Exercise details: Copy out the data from the line containing "Kind paddenstoel Cartoon" to its last line, exactly. No pictures.

Raw data:
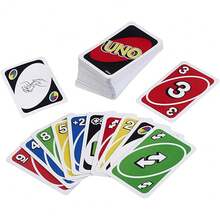 Mattel 1PC UNO Officially Licensed Board Games UNO Card Classic Colour & Number Matching Card Fun Game For Family And Friends 112 Cards Customizable & Erasable Wild Special Action Cards Included Gift For Family Suitable For Birthday Party Christmas Festivals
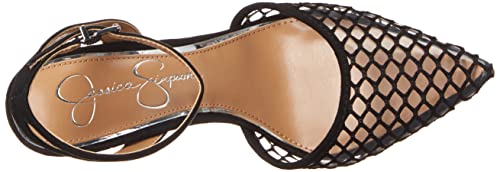 Jessica Simpson Women's Pirrie Lucite Pump, Clear/Black, 9.5 #TOP4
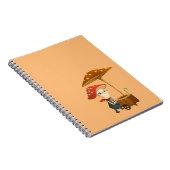 Kind paddenstoel Cartoon Notitieboek Kaart (Rechterzijde)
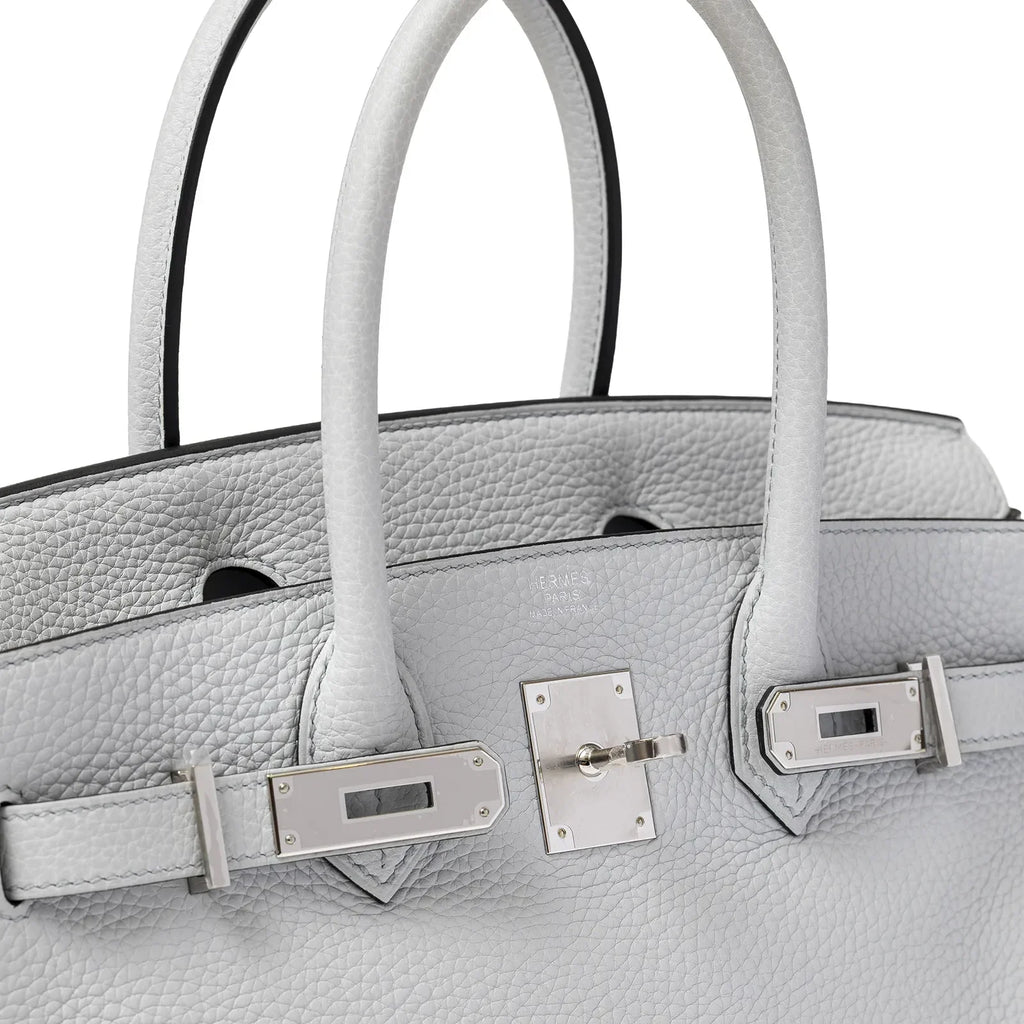 Hermès Birkin 30 Blue Pale Clemence Palladium Hardware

Task solution:
 Kind paddenstoel Cartoon Notitieboek Kaart (Rechterzijde)
 Hermès Birkin 30 Blue Pale Clemence Palladium Hardware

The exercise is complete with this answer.